The input Block Start

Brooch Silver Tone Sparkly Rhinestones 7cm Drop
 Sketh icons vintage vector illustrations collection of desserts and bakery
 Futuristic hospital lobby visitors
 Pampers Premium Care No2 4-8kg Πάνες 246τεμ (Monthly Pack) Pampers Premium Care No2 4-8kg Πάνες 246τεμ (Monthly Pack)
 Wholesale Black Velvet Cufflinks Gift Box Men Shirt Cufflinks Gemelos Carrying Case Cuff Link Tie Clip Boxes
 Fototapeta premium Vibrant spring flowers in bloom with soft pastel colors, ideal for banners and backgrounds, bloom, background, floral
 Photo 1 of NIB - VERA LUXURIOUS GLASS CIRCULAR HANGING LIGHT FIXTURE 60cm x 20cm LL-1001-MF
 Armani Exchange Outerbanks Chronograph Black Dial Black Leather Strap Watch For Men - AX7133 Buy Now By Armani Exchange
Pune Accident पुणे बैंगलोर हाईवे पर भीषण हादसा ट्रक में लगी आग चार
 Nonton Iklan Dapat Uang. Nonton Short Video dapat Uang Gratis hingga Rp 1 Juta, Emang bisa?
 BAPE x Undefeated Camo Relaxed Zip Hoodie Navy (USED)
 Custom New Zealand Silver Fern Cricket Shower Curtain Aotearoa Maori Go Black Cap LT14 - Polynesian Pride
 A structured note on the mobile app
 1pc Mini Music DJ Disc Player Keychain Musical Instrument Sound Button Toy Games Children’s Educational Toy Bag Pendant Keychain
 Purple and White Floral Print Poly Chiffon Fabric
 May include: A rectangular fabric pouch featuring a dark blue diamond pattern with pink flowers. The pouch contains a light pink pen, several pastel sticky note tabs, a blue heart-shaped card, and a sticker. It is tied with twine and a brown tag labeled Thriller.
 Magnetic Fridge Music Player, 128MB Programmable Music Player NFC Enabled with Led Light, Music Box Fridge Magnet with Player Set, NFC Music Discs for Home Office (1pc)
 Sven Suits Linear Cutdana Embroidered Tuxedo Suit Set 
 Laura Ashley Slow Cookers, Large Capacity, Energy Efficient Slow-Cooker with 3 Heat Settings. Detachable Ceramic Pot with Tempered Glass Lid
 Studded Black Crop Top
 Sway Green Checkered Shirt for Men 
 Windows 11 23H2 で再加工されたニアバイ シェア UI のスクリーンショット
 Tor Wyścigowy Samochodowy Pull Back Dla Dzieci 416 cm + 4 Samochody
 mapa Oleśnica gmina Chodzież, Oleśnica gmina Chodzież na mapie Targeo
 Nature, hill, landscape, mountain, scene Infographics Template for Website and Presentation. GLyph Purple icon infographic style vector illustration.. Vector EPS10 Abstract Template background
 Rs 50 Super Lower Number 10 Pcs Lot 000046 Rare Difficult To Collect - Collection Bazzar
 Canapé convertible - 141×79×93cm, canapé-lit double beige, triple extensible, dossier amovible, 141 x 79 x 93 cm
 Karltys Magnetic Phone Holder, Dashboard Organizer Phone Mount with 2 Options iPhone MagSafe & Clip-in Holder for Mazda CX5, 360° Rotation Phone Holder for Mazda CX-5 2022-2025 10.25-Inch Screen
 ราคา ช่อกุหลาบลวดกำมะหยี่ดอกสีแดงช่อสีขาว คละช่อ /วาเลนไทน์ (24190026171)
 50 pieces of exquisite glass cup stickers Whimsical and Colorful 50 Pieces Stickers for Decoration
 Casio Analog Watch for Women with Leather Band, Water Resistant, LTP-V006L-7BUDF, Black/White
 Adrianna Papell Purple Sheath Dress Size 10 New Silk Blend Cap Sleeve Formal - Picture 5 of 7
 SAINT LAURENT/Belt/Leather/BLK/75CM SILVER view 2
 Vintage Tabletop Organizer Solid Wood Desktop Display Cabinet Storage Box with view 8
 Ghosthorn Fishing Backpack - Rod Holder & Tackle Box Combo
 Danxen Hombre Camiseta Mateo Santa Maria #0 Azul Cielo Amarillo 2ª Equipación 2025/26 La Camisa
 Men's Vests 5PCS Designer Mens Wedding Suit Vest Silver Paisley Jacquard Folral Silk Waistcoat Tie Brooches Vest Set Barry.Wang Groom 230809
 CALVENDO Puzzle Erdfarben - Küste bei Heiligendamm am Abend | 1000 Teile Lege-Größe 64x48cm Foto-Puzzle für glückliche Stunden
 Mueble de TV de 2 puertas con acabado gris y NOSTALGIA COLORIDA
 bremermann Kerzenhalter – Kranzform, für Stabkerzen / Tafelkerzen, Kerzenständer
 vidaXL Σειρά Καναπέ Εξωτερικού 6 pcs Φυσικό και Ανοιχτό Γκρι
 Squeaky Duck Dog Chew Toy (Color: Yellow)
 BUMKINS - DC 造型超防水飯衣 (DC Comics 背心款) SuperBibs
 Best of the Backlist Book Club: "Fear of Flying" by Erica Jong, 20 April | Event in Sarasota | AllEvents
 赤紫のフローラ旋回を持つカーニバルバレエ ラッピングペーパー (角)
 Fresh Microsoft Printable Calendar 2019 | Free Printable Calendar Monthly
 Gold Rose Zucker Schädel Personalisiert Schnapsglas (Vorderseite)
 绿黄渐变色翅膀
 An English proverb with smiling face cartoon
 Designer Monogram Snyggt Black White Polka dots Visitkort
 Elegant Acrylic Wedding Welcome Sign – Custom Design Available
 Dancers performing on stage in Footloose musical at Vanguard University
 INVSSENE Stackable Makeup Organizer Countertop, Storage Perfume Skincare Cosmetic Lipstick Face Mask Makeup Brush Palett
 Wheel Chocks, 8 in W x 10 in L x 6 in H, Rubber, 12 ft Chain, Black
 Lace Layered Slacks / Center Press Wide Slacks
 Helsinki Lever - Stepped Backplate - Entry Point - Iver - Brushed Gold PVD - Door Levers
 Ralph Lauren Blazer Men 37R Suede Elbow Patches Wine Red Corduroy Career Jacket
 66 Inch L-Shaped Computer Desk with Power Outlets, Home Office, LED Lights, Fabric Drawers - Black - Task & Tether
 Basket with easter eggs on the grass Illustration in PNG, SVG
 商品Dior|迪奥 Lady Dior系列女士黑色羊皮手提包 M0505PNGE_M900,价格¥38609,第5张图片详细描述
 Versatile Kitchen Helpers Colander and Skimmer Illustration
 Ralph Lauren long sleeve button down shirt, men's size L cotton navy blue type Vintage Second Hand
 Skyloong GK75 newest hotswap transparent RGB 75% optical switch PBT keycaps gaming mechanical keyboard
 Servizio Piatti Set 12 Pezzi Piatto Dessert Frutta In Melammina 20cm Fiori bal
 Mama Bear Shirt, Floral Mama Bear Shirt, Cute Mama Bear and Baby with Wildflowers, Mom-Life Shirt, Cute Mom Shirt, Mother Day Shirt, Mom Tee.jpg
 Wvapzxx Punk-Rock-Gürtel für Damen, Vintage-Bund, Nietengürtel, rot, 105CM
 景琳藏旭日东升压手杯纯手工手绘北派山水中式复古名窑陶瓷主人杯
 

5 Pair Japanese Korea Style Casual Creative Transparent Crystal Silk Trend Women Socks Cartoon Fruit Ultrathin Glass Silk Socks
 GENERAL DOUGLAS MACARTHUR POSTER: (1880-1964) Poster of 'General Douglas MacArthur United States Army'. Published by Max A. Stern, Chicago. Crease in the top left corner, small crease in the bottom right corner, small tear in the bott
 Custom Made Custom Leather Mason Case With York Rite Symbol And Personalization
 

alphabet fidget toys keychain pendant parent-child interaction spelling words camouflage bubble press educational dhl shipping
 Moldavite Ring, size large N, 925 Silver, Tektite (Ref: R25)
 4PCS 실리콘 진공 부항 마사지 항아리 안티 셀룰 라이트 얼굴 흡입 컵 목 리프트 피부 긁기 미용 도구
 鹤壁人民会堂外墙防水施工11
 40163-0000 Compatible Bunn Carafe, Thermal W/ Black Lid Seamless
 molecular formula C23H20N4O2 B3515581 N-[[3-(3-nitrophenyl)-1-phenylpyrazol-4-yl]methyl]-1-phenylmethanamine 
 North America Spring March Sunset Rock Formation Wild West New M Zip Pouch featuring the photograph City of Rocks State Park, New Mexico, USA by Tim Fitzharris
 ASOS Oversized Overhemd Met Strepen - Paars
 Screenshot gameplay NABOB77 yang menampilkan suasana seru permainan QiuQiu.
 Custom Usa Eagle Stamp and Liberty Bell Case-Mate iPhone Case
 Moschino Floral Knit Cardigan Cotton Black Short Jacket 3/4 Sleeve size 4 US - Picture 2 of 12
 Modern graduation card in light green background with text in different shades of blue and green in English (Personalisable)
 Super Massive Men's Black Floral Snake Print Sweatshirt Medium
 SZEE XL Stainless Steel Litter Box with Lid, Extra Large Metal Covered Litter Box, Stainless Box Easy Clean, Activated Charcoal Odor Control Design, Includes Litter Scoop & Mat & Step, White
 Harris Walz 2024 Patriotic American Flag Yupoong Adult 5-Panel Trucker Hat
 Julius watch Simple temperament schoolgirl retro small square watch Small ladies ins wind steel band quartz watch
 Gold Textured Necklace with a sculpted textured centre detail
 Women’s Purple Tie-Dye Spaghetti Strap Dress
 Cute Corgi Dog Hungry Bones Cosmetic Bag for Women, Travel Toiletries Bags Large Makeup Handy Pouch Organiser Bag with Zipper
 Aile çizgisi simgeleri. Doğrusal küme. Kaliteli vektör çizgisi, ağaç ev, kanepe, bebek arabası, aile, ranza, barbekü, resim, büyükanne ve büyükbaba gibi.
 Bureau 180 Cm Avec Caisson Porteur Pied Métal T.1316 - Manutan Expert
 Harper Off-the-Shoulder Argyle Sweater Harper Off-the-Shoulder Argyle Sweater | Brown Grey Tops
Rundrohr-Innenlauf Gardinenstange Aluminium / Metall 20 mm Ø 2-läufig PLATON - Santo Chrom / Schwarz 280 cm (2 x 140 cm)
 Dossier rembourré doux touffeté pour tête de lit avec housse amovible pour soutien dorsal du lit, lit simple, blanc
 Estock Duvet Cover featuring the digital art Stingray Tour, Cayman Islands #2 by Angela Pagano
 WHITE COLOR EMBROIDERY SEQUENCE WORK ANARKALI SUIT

The input Block End

## Work required
Look above for the line containing "赤紫のフローラ旋回を持つカーニバルバレエ ラッピングペーパー (角)". Output from there through the line containing "An English proverb with smiling face cartoon", exactly and inclusively.

## Result for this task
 赤紫のフローラ旋回を持つカーニバルバレエ ラッピングペーパー (角)
 Fresh Microsoft Printable Calendar 2019 | Free Printable Calendar Monthly
 Gold Rose Zucker Schädel Personalisiert Schnapsglas (Vorderseite)
 绿黄渐变色翅膀
 An English proverb with smiling face cartoon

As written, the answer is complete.